Anyway...the best advice I can give for how to improve one writing is to peer review others. Particularly, bad writing. I guess it falls along the lines of trying to teach another and instead teaching yourself. I used to review a lot of bad writing, and at the very least, I gained eye for spotting it in my own writing.

Both Actively and Passively, I feel I am still improving my writing. I am reading a lot of books (catching up on a lot of stuff I should have read way back when), and watching a lot of stories. Because I cannot turn off my writer's brain, I am always looking for the things that work in stories and the things that don't, and adding them as little notes in my brain. I am also watching the trends and evaluating my own filters constantly, trying to see where I can reach out into a story with more depth with the stories floating around in my head.

As for actual writing, well...been doing a lot of papers, but I don't think they count other than they are re-affirming that words on page are better than words not on page, and deadlines help with getting them on a page, good, bad or ugly.
 
I made a big step for myself this week and pushed my self to write something. It might sound like nothing to everyone else but I'd been struggling to write anything for about two years. I used to find it so easy, then my Dad died and the creativity just went out of me. So that was an achievement really.

I try to improve by actually take the leap and putting some work up for feedback. That way others can outline what I do right and what I do wrong, then I know what needs improving. So far the feedback has been pretty much that I tell a good, interesting story but need to work more on the technical side. So I've begun learning how to show instead of tell, use grammar correctly. Got into my head the difference between "to" and "too".

I also read to improve my own writing.
 

Firefly

Troubadour
I actually feel so psychic with you right now because I have been devoting a lot of thought lately into how I can apply the idea of deliberate practice to my writing. Although really, due to my obnoxiously analytical nature I've always kind of tackled it this way, just haven't been consciously thinking about how I do it as much.

I think the key for me is just to choose one thing at a time to work on and then try and keep that one thing in mind as my goal when you sit down to write. Choosing to many trips me up because then I just get paralyzed and start rewriting the first half a sentence over and over, but I find trying to sit down and "just write" without anything in particular to practice is just as difficult.
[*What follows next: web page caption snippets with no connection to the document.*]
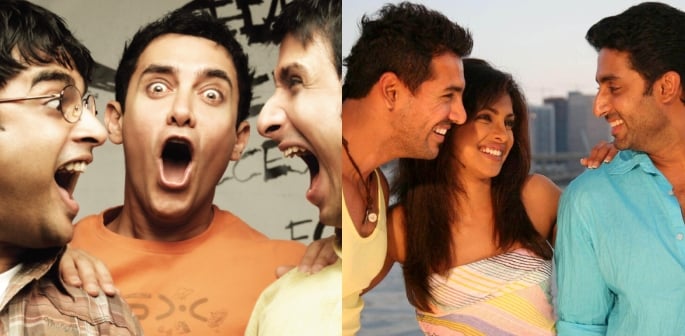 10 Top Bollywood Songs that Celebrate Friendship - F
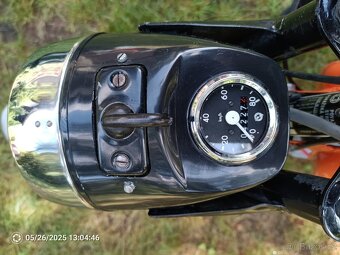 Prodej Jawa mustang - 2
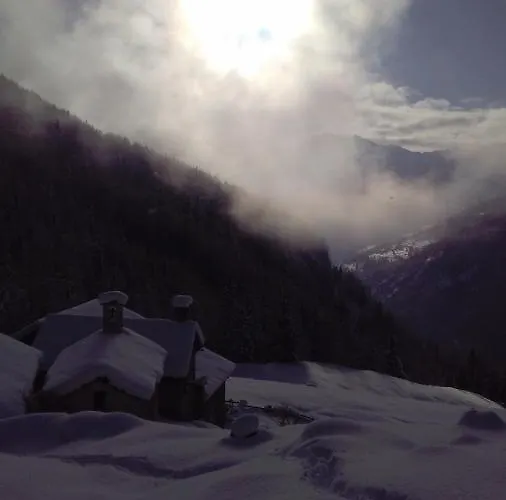 Stadel Soussun Champoluc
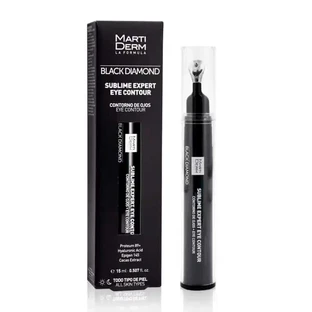 Martiderm Black Diamond Sublime Expert Контур для повік 15 мл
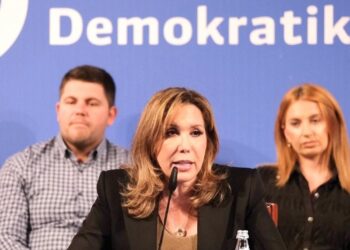 Evi Kokalari: Shkëlzen, ti dhe Argita pse dilni në protestë? Ju jeni arsyeja pse opozita është ende e kapur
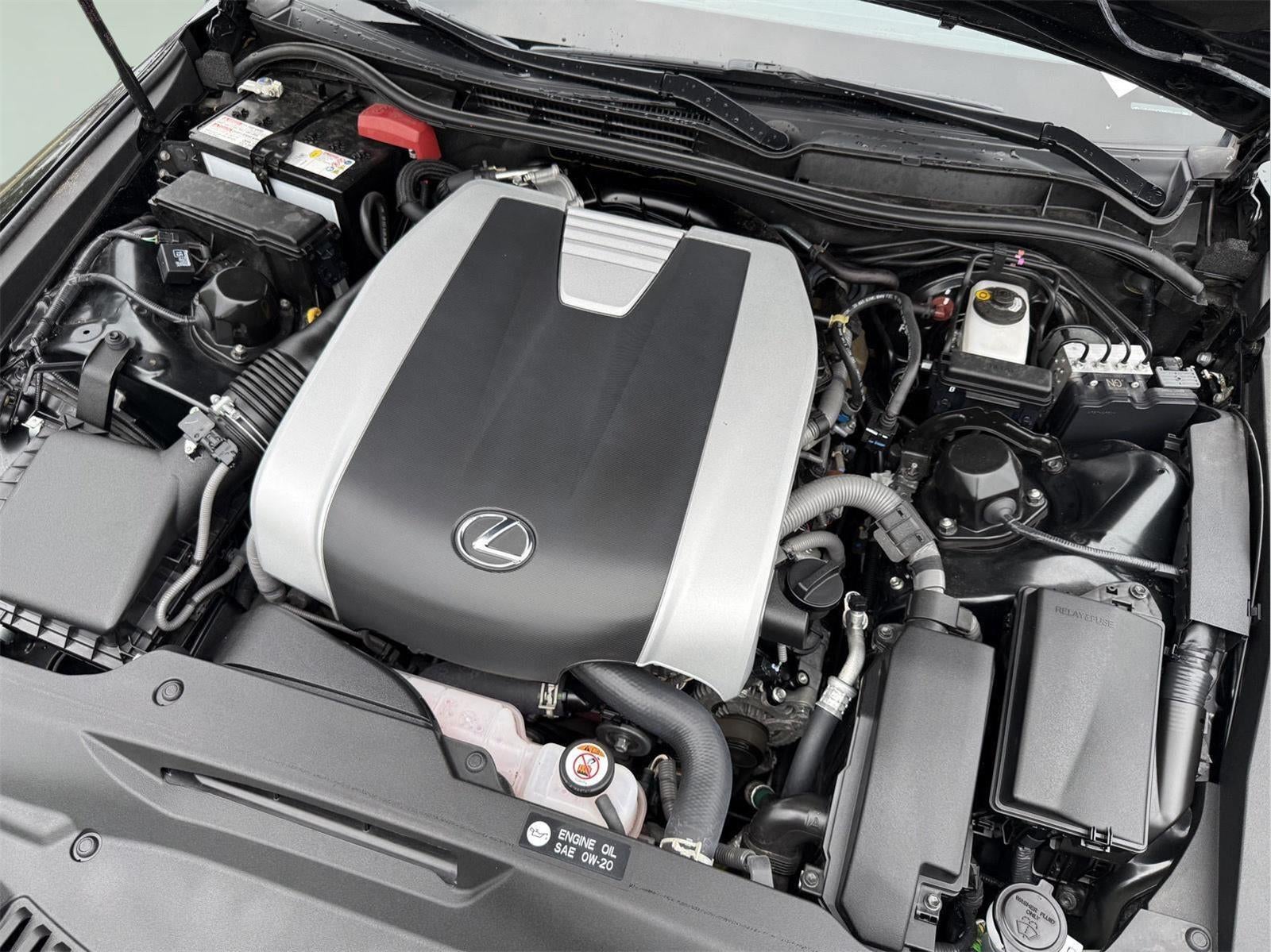 2024 Lexus IS 350 IS 350 F SPORT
Here are a few of the things that have been focus points for me, because I feel like I'm being really vague with this:

-Keeping things moving. Someone has to do or say something at least every third paragraph. No getting bigger down in internalization or random description.
-Getting down basic setting and character information down as soon as possible to ground the reader.
-Making sure each characters dialogue is something that comes from their motivation and headspace, not just something that feels like it should come next.
-building tension.

These are all things that are extremely basic, because I'm like 16 and still a beginner writer despite having read way too many craft books, but the more you practice one thing the more automatic it becomes and then you can move onto something else. I find the things that work best are smaller pieces of bigger craft topics that I can actually see how to apply in the moment. (Like, instead of trying to "write better characters" I might just try to have them react to things in a less expected/typical way, which gives me something to think about every time there's something they have to react too)

I feel like I'm overcomplicating this, so here's the short version: just choose an element of writing you want to be better at and try to Do It Better. Ahgg, that sounds so obvious. I hope it's not so obvious as to be completely unhelpful.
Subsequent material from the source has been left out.